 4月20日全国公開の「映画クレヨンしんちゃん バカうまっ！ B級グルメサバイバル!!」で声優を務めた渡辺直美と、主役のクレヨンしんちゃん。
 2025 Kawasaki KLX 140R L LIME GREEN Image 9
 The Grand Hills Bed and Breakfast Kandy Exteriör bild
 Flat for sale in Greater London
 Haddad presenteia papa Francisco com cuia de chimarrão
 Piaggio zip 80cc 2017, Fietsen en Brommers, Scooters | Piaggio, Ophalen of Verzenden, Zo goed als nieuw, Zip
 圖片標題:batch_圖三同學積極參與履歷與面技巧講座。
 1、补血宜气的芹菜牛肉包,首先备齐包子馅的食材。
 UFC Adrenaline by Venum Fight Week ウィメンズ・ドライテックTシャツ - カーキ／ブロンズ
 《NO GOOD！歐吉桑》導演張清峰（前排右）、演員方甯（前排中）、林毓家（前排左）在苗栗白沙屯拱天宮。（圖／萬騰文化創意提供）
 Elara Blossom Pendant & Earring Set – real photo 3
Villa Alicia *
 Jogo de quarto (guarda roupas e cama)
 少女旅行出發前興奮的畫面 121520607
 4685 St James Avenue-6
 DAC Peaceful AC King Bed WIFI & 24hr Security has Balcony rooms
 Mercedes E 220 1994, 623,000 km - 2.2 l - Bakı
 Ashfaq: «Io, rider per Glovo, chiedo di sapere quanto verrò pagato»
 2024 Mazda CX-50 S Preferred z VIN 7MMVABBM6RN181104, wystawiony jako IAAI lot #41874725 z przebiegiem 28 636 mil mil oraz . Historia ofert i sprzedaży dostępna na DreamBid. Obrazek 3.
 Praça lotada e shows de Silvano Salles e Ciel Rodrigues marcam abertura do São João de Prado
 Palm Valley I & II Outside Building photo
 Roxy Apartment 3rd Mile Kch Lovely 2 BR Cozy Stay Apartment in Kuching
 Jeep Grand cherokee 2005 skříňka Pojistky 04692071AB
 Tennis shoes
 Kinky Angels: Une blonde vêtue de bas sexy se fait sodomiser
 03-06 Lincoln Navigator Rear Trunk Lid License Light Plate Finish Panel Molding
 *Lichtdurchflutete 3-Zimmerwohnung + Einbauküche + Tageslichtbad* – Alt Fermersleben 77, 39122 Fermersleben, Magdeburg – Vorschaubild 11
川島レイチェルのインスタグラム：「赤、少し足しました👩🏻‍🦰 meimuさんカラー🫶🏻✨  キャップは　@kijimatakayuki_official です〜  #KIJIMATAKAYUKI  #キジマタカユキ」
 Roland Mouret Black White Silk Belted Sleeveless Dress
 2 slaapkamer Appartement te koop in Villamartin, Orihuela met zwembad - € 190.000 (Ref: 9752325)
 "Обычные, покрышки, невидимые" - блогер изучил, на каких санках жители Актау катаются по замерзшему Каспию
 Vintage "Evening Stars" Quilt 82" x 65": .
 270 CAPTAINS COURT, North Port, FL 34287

**PROBLEM DESCRIPTION**
Transcribe the records above from the line holding "Villa Alicia *" down to the line holding "2024 Mazda CX-50", inclusive, without adding anything.

**RESPONSE AREA**
Villa Alicia *
 Jogo de quarto (guarda roupas e cama)
 少女旅行出發前興奮的畫面 121520607
 4685 St James Avenue-6
 DAC Peaceful AC King Bed WIFI & 24hr Security has Balcony rooms
 Mercedes E 220 1994, 623,000 km - 2.2 l - Bakı
 Ashfaq: «Io, rider per Glovo, chiedo di sapere quanto verrò pagato»
 2024 Mazda CX-50 S Preferred z VIN 7MMVABBM6RN181104, wystawiony jako IAAI lot #41874725 z przebiegiem 28 636 mil mil oraz . Historia ofert i sprzedaży dostępna na DreamBid. Obrazek 3.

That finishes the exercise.